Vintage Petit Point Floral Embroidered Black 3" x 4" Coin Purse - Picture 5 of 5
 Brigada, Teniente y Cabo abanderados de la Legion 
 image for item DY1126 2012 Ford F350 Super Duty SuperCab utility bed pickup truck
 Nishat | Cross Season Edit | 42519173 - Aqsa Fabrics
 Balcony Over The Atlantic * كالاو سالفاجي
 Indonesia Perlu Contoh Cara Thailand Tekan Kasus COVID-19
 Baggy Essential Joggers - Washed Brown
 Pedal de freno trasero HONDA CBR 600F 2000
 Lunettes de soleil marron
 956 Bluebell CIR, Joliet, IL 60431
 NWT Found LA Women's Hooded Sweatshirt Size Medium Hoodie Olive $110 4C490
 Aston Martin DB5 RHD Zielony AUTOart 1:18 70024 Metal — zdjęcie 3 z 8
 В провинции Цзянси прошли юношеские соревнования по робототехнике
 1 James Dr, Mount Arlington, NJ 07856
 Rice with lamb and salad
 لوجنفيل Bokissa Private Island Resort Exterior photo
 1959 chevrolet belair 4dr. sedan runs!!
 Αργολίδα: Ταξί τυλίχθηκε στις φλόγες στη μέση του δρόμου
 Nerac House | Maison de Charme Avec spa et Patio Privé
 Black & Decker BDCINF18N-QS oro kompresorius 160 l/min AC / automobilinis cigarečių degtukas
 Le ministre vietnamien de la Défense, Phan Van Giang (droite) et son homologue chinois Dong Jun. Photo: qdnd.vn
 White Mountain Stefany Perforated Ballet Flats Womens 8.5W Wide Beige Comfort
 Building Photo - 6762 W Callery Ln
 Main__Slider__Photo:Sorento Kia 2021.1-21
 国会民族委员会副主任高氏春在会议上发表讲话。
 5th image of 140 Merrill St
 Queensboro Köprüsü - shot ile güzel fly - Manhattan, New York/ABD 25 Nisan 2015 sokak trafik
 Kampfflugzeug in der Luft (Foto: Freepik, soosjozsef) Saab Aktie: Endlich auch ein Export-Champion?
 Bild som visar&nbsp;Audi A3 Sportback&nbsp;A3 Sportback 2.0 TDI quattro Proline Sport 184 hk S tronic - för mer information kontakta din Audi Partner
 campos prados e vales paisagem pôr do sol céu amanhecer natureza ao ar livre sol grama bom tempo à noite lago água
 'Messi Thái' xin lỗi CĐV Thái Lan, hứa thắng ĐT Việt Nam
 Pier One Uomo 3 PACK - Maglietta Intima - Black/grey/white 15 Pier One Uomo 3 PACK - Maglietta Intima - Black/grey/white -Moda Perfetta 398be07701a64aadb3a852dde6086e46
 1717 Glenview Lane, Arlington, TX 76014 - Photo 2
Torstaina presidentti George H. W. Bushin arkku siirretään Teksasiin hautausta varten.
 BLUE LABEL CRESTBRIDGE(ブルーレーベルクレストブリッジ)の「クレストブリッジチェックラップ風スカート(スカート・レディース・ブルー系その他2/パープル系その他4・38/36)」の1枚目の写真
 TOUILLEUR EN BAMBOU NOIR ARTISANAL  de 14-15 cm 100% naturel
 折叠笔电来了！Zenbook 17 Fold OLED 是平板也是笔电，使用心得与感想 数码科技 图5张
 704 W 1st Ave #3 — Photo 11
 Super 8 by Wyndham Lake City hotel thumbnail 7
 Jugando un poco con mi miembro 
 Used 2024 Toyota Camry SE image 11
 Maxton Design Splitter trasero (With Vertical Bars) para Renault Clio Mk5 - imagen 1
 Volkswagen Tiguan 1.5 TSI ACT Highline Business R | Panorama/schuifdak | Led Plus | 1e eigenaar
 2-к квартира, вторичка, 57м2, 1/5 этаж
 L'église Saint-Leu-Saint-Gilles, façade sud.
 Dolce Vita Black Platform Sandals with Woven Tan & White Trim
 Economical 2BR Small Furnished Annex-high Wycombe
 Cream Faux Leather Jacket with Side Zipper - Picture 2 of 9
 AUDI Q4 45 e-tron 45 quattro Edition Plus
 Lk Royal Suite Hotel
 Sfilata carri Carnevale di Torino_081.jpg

• Directions for this task:
Going back to the entries above, set down exactly the lines that begin at the one with "В провинции Цзянси" and end at the one with "Building Photo - 6762 W Callery Ln", both included, and nothing else.

• Output below:
 В провинции Цзянси прошли юношеские соревнования по робототехнике
 1 James Dr, Mount Arlington, NJ 07856
 Rice with lamb and salad
 لوجنفيل Bokissa Private Island Resort Exterior photo
 1959 chevrolet belair 4dr. sedan runs!!
 Αργολίδα: Ταξί τυλίχθηκε στις φλόγες στη μέση του δρόμου
 Nerac House | Maison de Charme Avec spa et Patio Privé
 Black & Decker BDCINF18N-QS oro kompresorius 160 l/min AC / automobilinis cigarečių degtukas
 Le ministre vietnamien de la Défense, Phan Van Giang (droite) et son homologue chinois Dong Jun. Photo: qdnd.vn
 White Mountain Stefany Perforated Ballet Flats Womens 8.5W Wide Beige Comfort
 Building Photo - 6762 W Callery Ln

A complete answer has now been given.